The convergence debate overlooks this point. In fact, it assumes the opposite. For over a decade, the debate has largely been premised on the false assumption that the American model finished evolving and had reached the end in the evolution of corporate governance. Academics built elaborate theories to explain whether the rest of the world would adopt the endpoint American model. The Japanese government based its reforms on the endpoint American model. International organizations conditioned financial aid on recessionary countries adopting the endpoint American model. Ironically, during this time the American model did not exist even in America.

While academics and policy makers sold the American model, America was busy changing it. It used shareholder primacy, driven by hostile takeovers, to carry out much needed restructuring in the 1980s. It insulated directors from hostile takeovers allowing them to use their valuable discretion to build on their newly restructured companies during the 1990s. It increasingly utilized bank monitoring to create another efficient tool to reduce agency costs throughout this era.

Indeed, the American model changed so much during the 1990s that when the decade was over it looked more Japanese than American. But this misses the point, because the Japanese main bank model also no longer exists. The last two decades of Japanese corporate governance provide the other side of the adaptation coin. The main bank model, which had enjoyed a long period of success, faced a dramatic change in environment following the burst of the bubble. Despite extensive corporate law reforms and a mountain of economic pressure, the main bank model stubbornly resisted change through much of the 1990s. Japan paid the price with a lost decade of economic performance. However, all is not lost. Recent adaptations to the main bank model, not the adoption of the American model, have aided Japan’s recent recovery. The convergence debate fails to recognize this change because Japan’s reform was to its own model, not towards or away from the American model.
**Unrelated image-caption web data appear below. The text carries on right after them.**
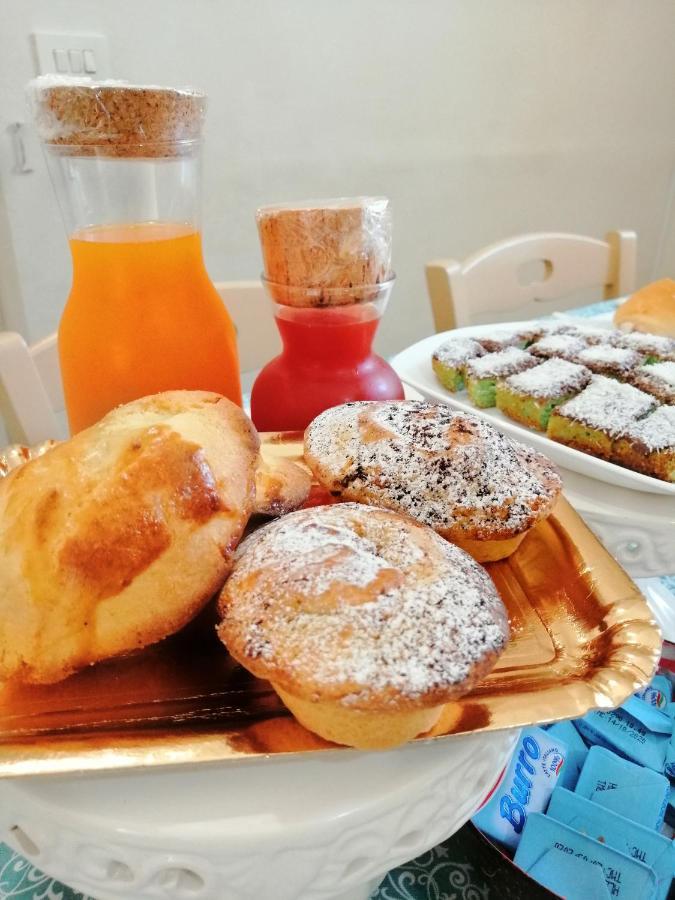 B&B Mareen Santa Maria al Bagno Zewnętrze zdjęcie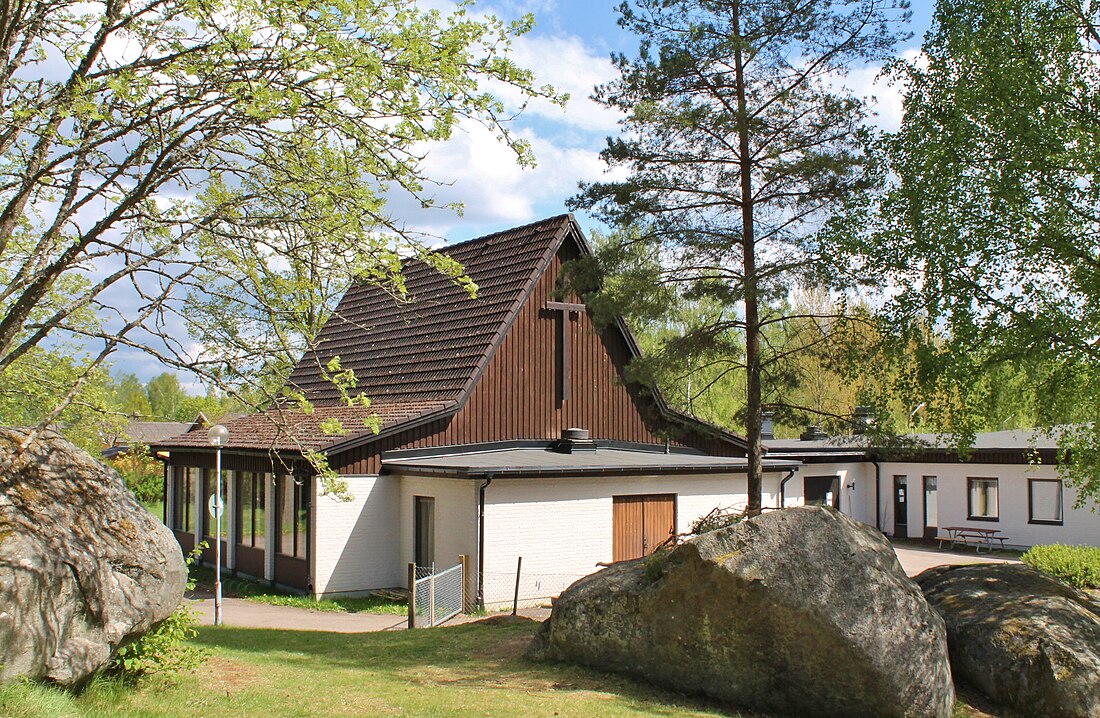 Mikaelsgården, Lindås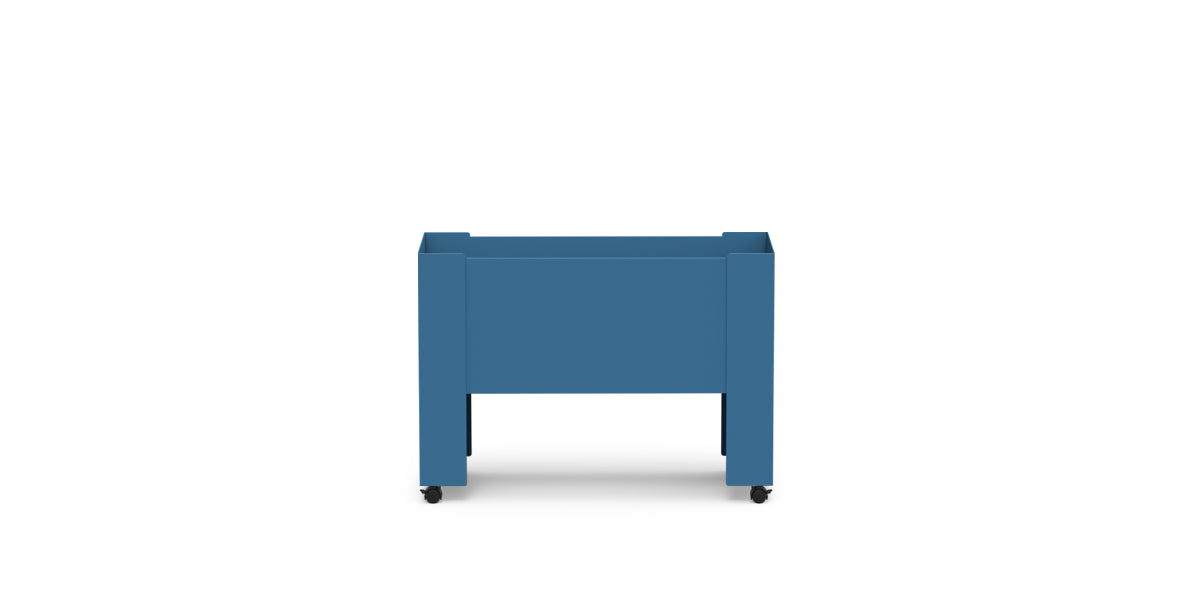 Flora Freestanding Planter 20H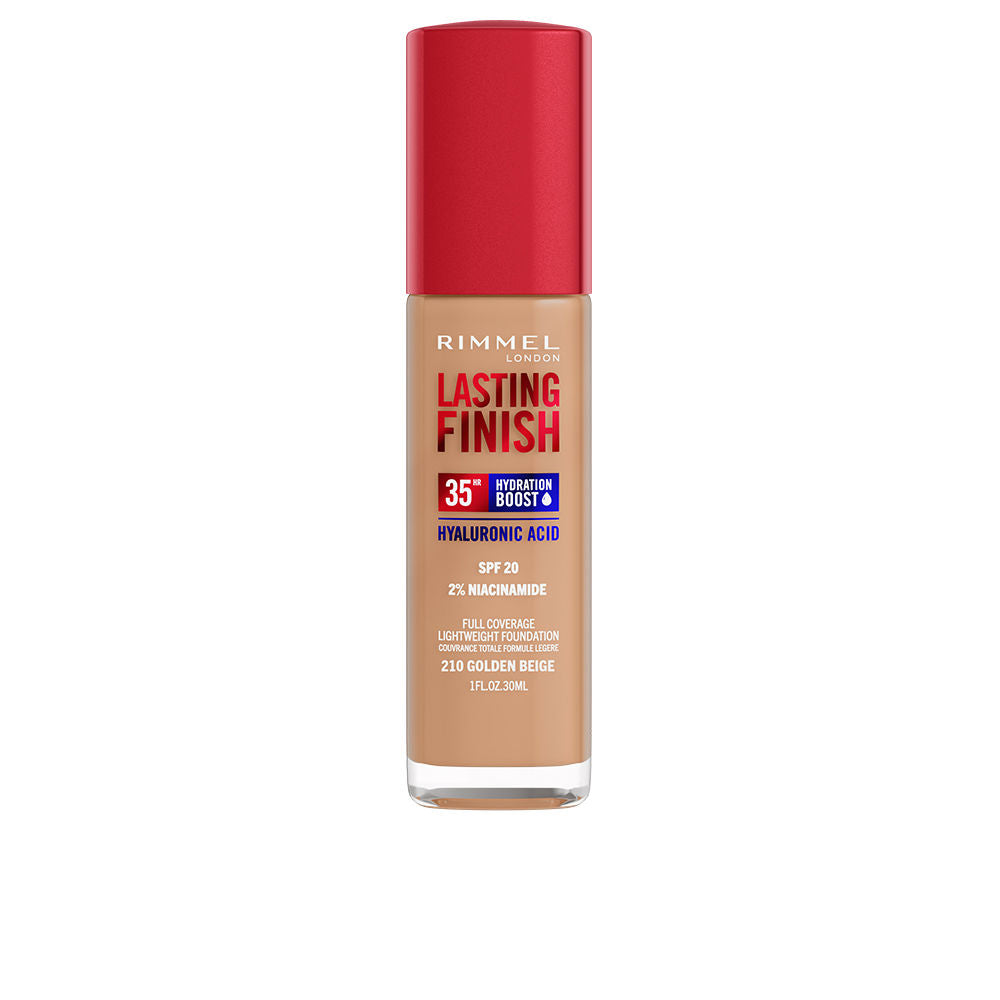 LASTING FINISH hydration boost SPF20 #210-Golden Beige 30 ml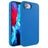 iPhone 16e/17e Biologisk Nedbrydeligt Cover - Blå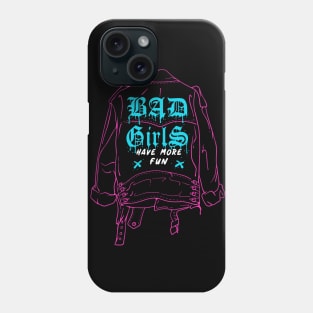 Bad Girl's Club Phone Case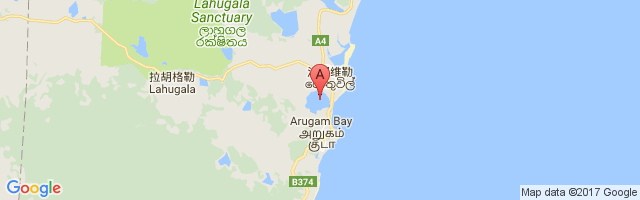 Arugam Bay SPB Airport图片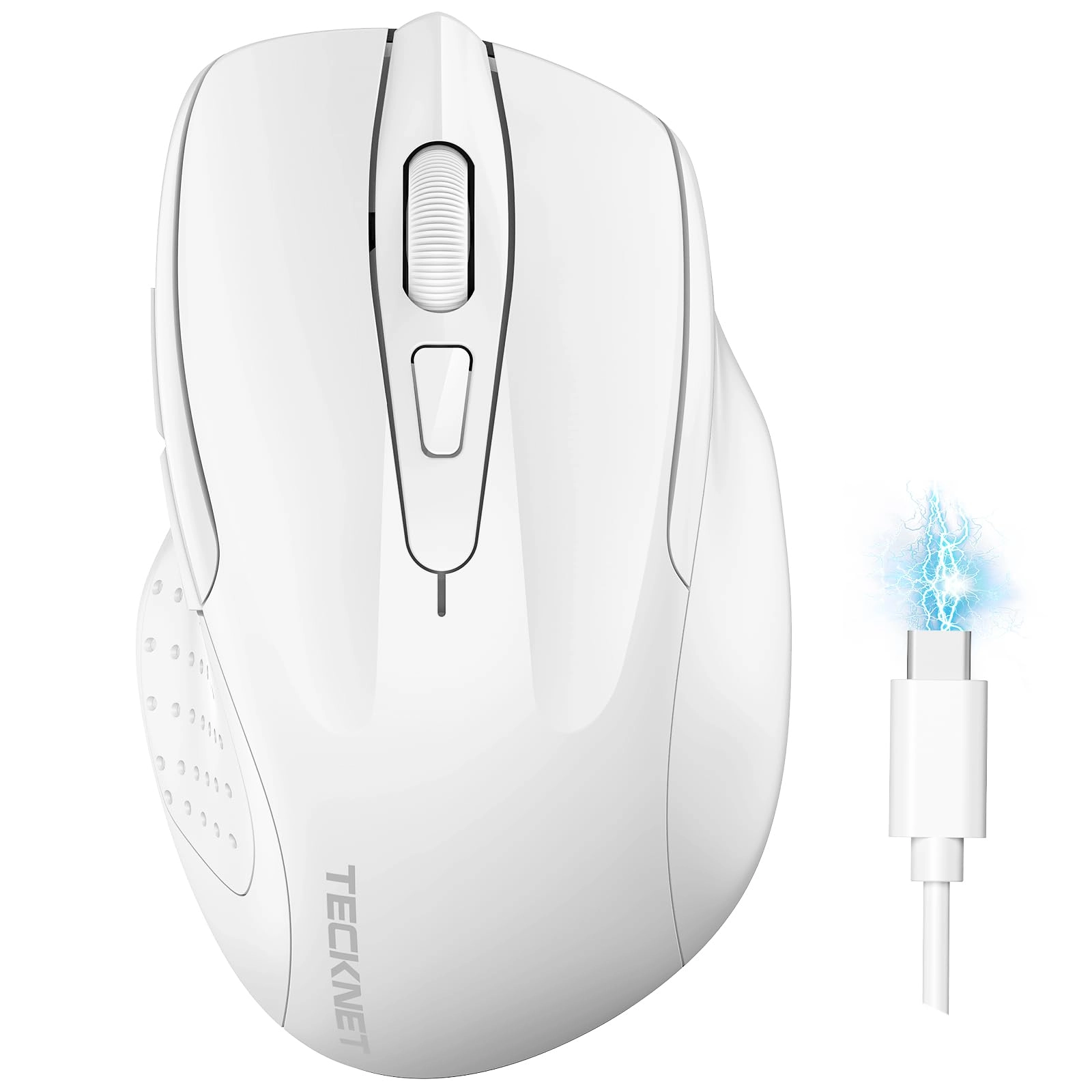 Rechargeable Bluetooth Mouse - Bluetooth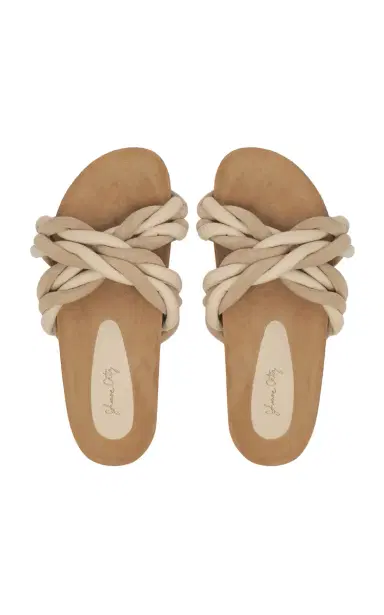Johanna Ortiz Steady Keel Leather Sandals | Thumbnail 3 Johanna Ortiz Steady Keel Leather Sandals | Thumbnail 3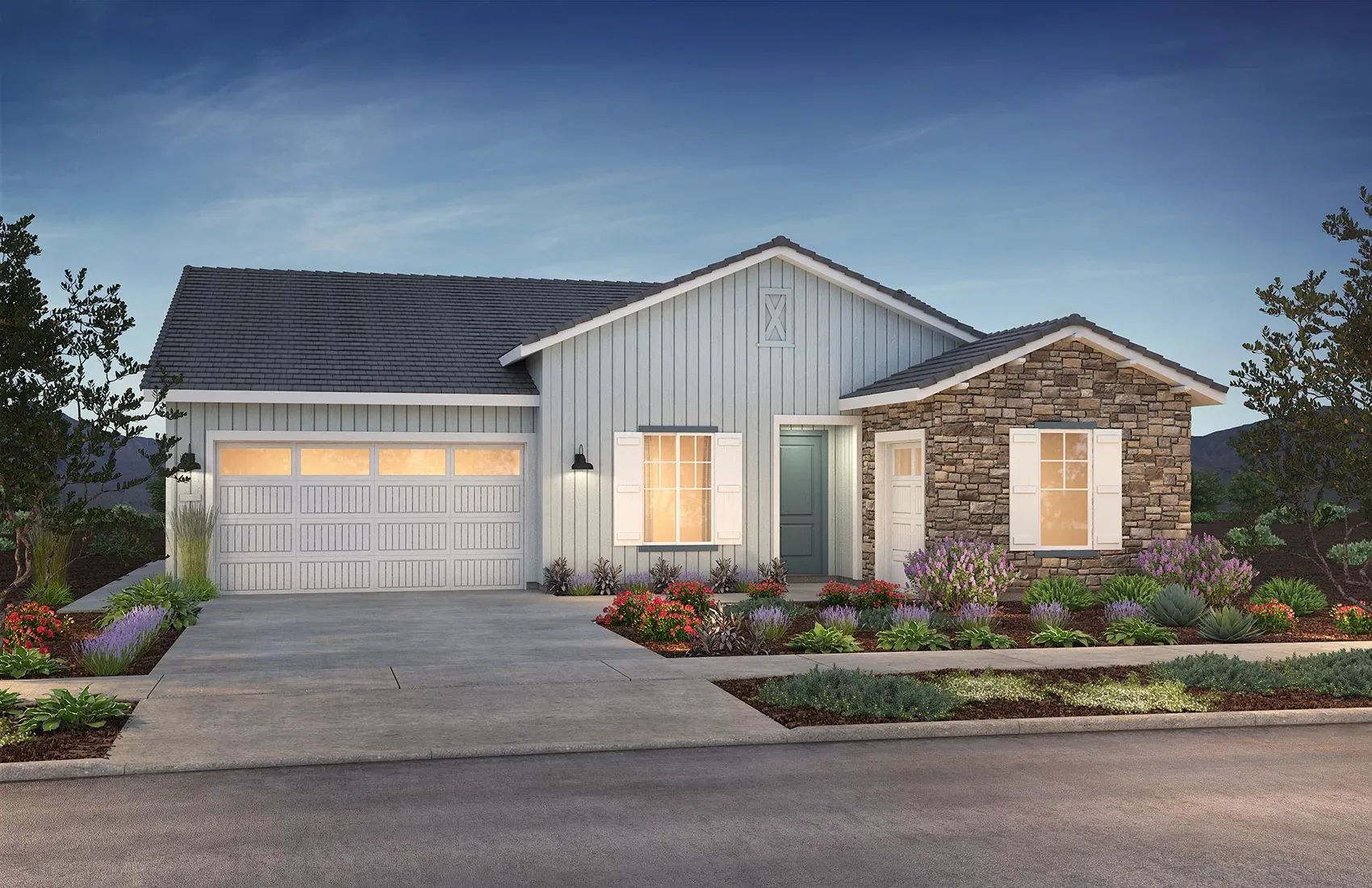 Exterior C Color Scheme 10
This analysis shows that the convergence debate observes little and obscures much. The convergence approach should be abandoned. Little utility exists in measuring the distance between broadly defined governance models that are constantly evolving in unpredictable ways. The future debate should focus on one unanswered question: What allows each country’s system of corporate governance to successfully adapt to change? Academics should be pleased with this suggestion. After all, if the story of corporate law is never-ending, we will always have something new to write about.